» **WHAT IS REQUIRED**: Beginning with the first line, return the material verbatim and without pictures.

» **THE DATA**:
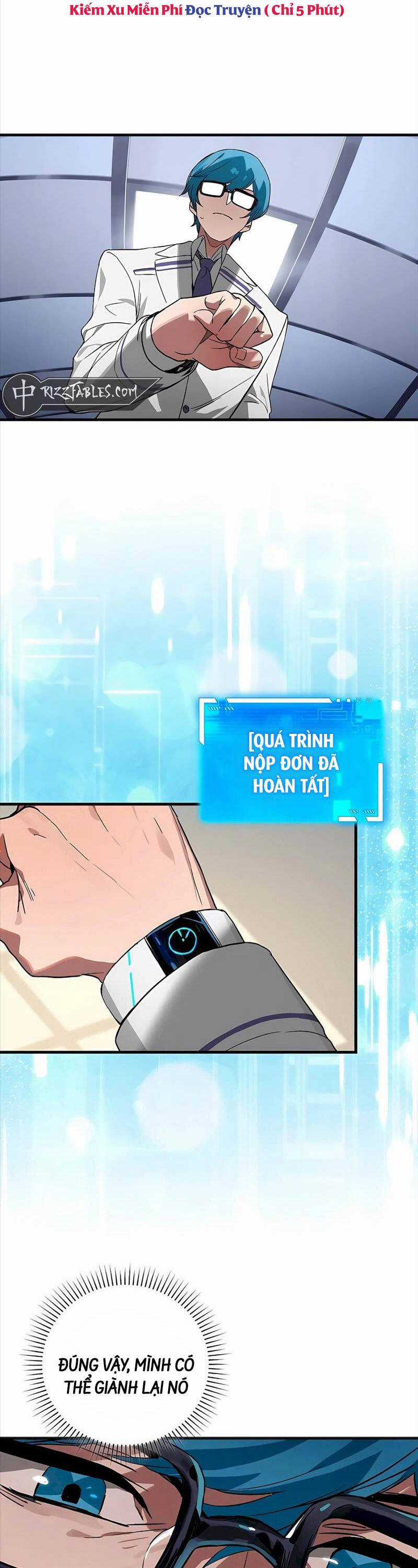 Đệ Nhất Chiến Thần Của Học Viện Thợ Săn Chapter 27 trang 23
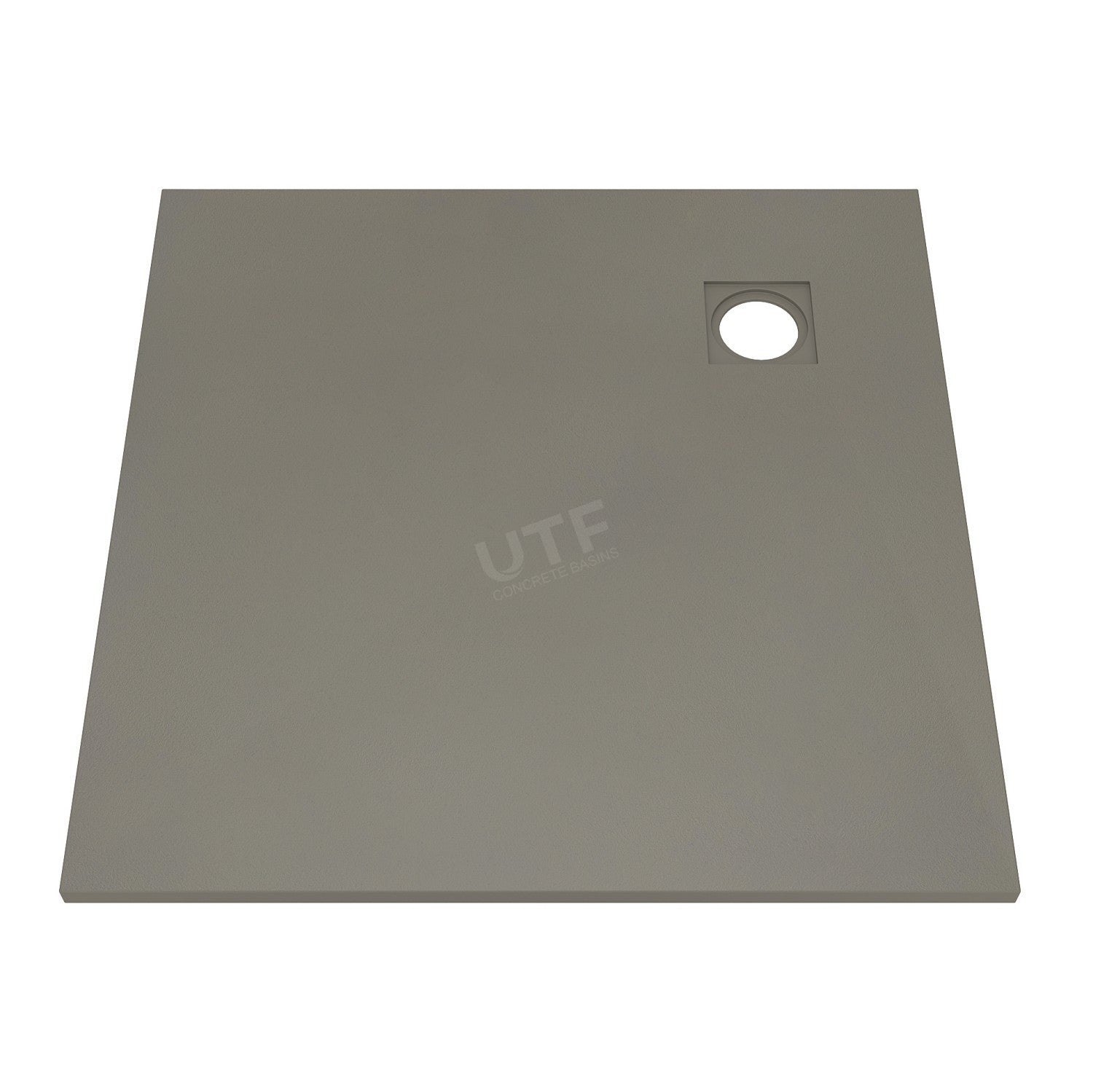 UF-5003 Solid Surface Shower Tray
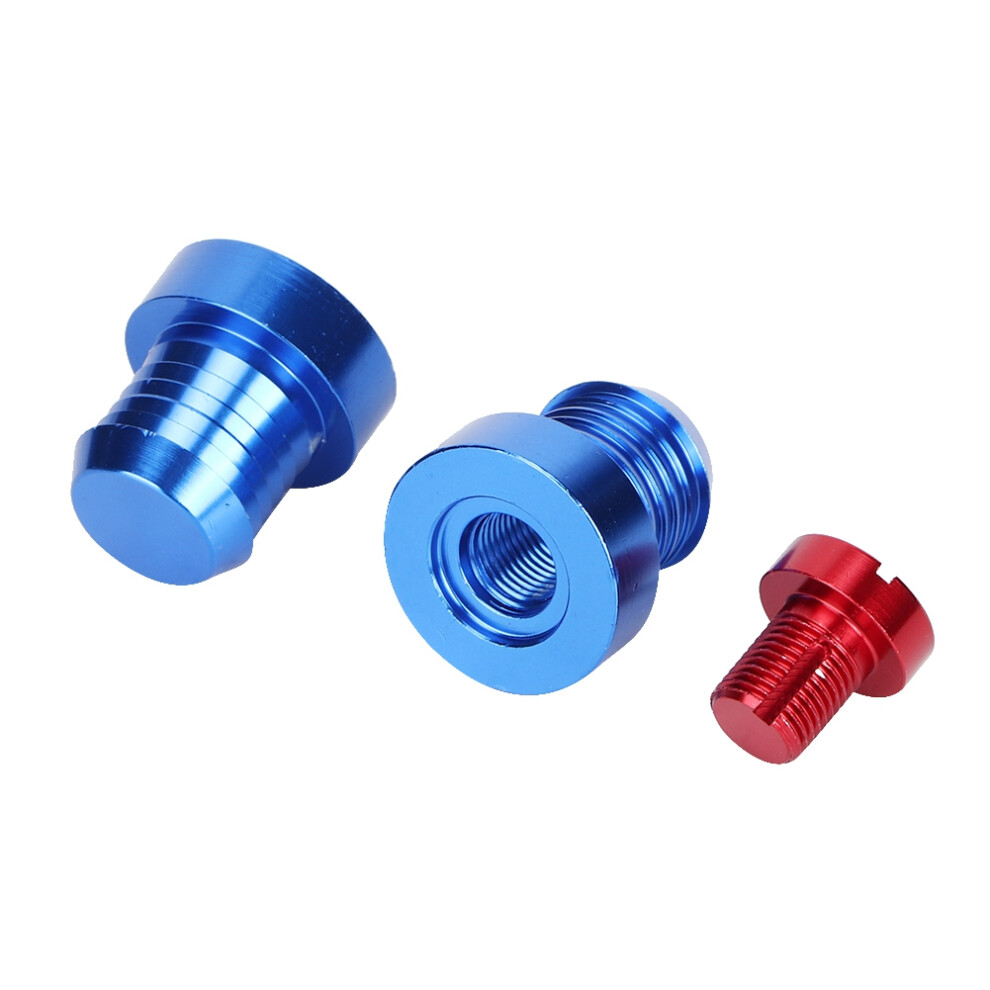 E93 325D Aluminum Alloy Bungs Plugs For Egr Cooler & Thermostat 3071363184031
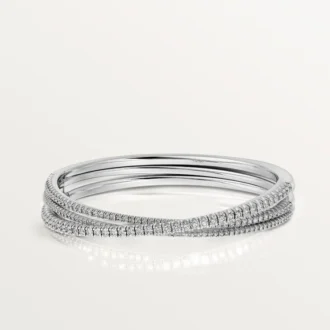 Etincelle De Cartier-armbånd, halvpavé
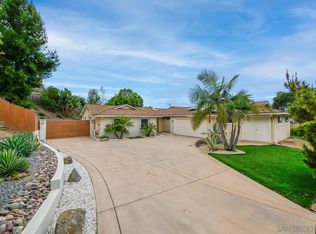 4234 Highland Glen Way, La Mesa, CA 91941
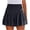 Navy, variant on Aloohaidyvio Shorts for Women No Boundaries Women's Solid Color Casual Summer High Waist Shorts
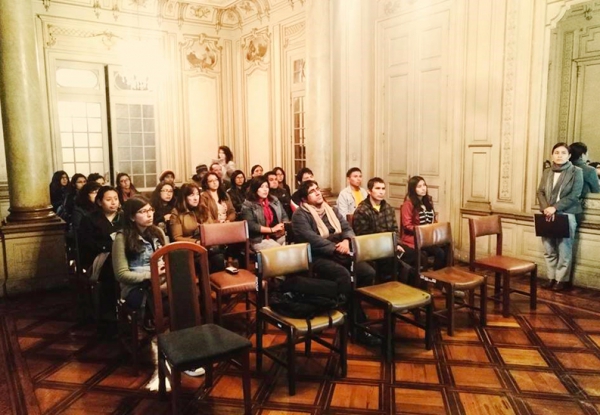 I Taller de Patrimonio y Museología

» **SOLUTION TO THE PROBLEM**:
 Đệ Nhất Chiến Thần Của Học Viện Thợ Săn Chapter 27 trang 23
 UF-5003 Solid Surface Shower Tray
 E93 325D Aluminum Alloy Bungs Plugs For Egr Cooler & Thermostat 3071363184031
 Etincelle De Cartier-armbånd, halvpavé
 4234 Highland Glen Way, La Mesa, CA 91941
 Navy, variant on Aloohaidyvio Shorts for Women No Boundaries Women's Solid Color Casual Summer High Waist Shorts
 I Taller de Patrimonio y Museología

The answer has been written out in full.